__Task statement__. Output the first line below and each one after it, exactly, up to and including the line holding "MARX, K., ANASTASSIADIS, P.". Pictures should not be copied.

+++ Raw data +++

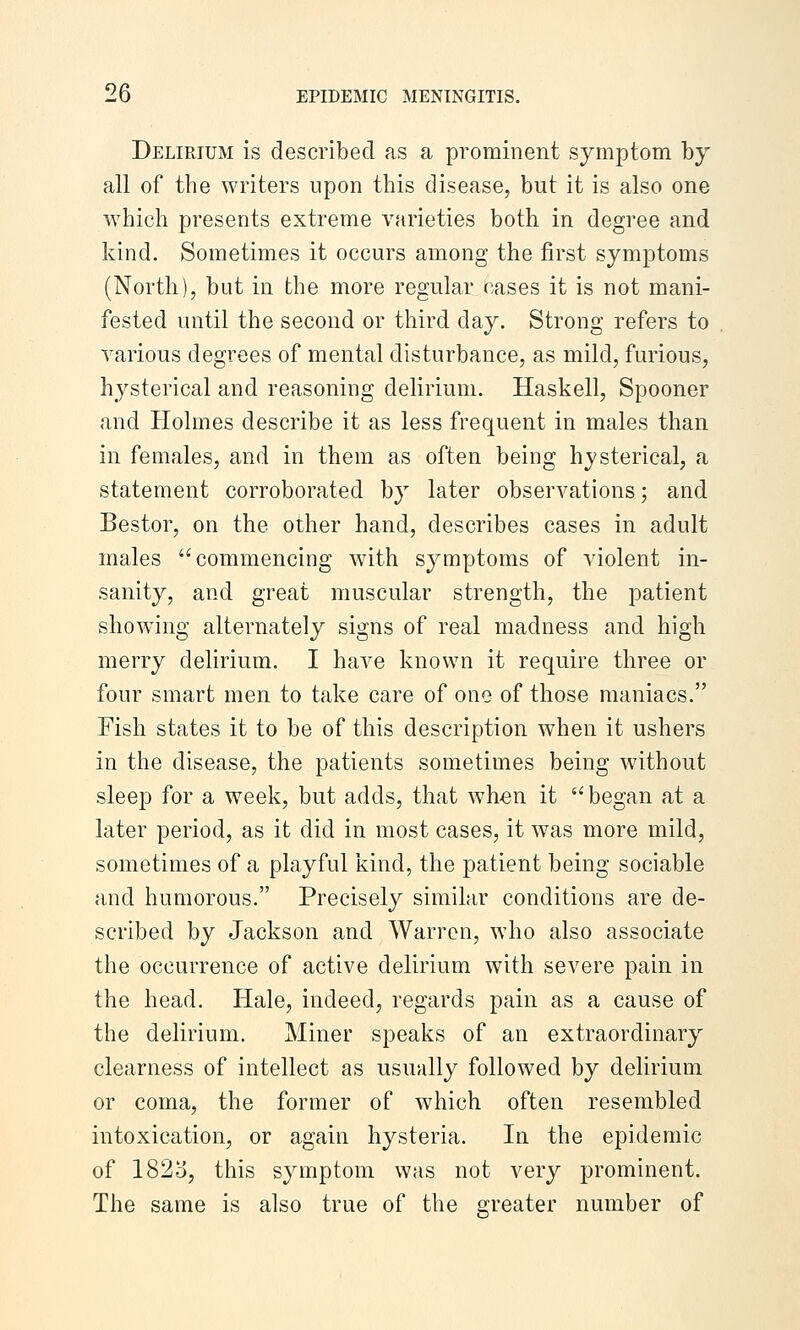 Delirium is described as a prominent symptom by all of the writers upon this disease, but it is also one which presents extreme varieties both in degree and kind. Sometimes it occurs among the first symptoms (North), but in the more regular cases it is not mani- fested until the second or third day. Strong refers to various degrees of mental disturbance, as mild, furious, hysterical and reasoning delirium. Haskell, Spooner and Holmes describe it as less frequent in males than in females, and in them as often being hysterical, a statement corroborated by later observations; and Bestor, on the other hand, describes cases in adult males commencing with symptoms of violent in- sanity, and great muscular strength, the patient showing alternately signs of real madness and high merry delirium. I have known it require three or four smart men to take care of one of those maniacs. Fish states it to be of this description when it ushers in the disease, the patients sometimes being without sleep for a week, but adds, that wh«n it began at a later period, as it did in most cases, it was more mild, sometimes of a playful kind, the patient being sociable and humorous. Precisely similar conditions are de- scribed by Jackson and Warren, who also associate the occurrence of active delirium with severe pain in the head. Hale, indeed, regards pain as a cause of the delirium. Miner speaks of an extraordinary clearness of intellect as usually followed by delirium or coma, the former of which often resembled intoxication, or again hysteria. In the epidemic of 182o, this symptom was not very prominent. The same is also true of the greater number of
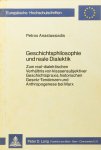 MARX, K., ANASTASSIADIS, P. - Geschichtsphilosophie und reale Dialektik. Zum real-dialektischen Verhältnis von klassensubjektiver Geschichtspraxis, historischen Gesetz-Tendenzen und Anthropogenese bei Marx.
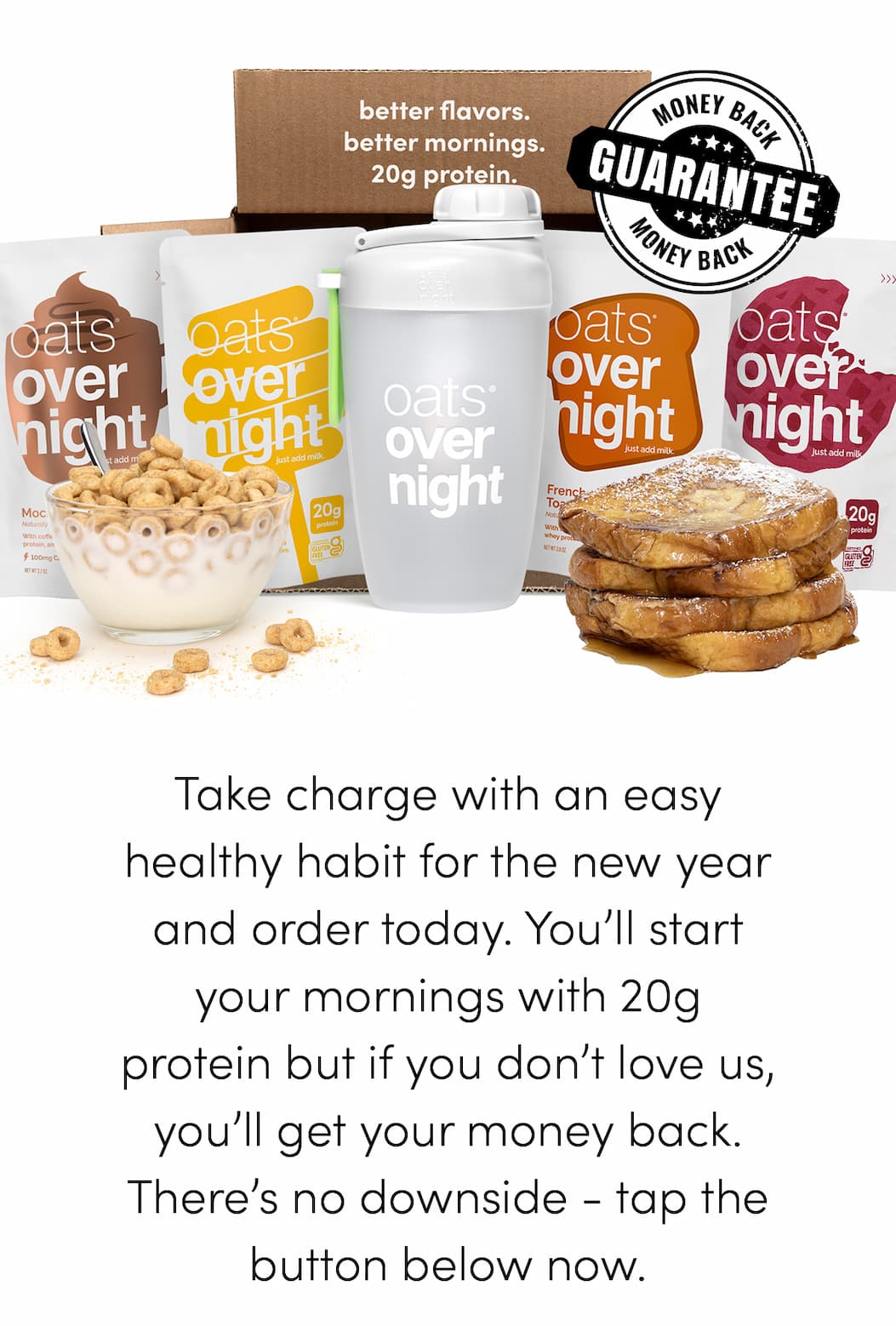 Take charge with an easy healthy habit for the new year and order today. You’ll start your mornings with 20g protein but if you don’t love us, you’ll get your money back. There’s no downside - tap the button below now.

+++

__Task output__.
 Delirium is described as a prominent symptom by all of the writers upon this disease, but it is also one which presents extreme varieties both in degree and kind. Sometimes it occurs among the first symptoms (North), but in the more regular cases it is not mani- fested until the second or third day. Strong refers to various degrees of mental disturbance, as mild, furious, hysterical and reasoning delirium. Haskell, Spooner and Holmes describe it as less frequent in males than in females, and in them as often being hysterical, a statement corroborated by later observations; and Bestor, on the other hand, describes cases in adult males commencing with symptoms of violent in- sanity, and great muscular strength, the patient showing alternately signs of real madness and high merry delirium. I have known it require three or four smart men to take care of one of those maniacs. Fish states it to be of this description when it ushers in the disease, the patients sometimes being without sleep for a week, but adds, that wh«n it began at a later period, as it did in most cases, it was more mild, sometimes of a playful kind, the patient being sociable and humorous. Precisely similar conditions are de- scribed by Jackson and Warren, who also associate the occurrence of active delirium with severe pain in the head. Hale, indeed, regards pain as a cause of the delirium. Miner speaks of an extraordinary clearness of intellect as usually followed by delirium or coma, the former of which often resembled intoxication, or again hysteria. In the epidemic of 182o, this symptom was not very prominent. The same is also true of the greater number of
 MARX, K., ANASTASSIADIS, P. - Geschichtsphilosophie und reale Dialektik. Zum real-dialektischen Verhältnis von klassensubjektiver Geschichtspraxis, historischen Gesetz-Tendenzen und Anthropogenese bei Marx.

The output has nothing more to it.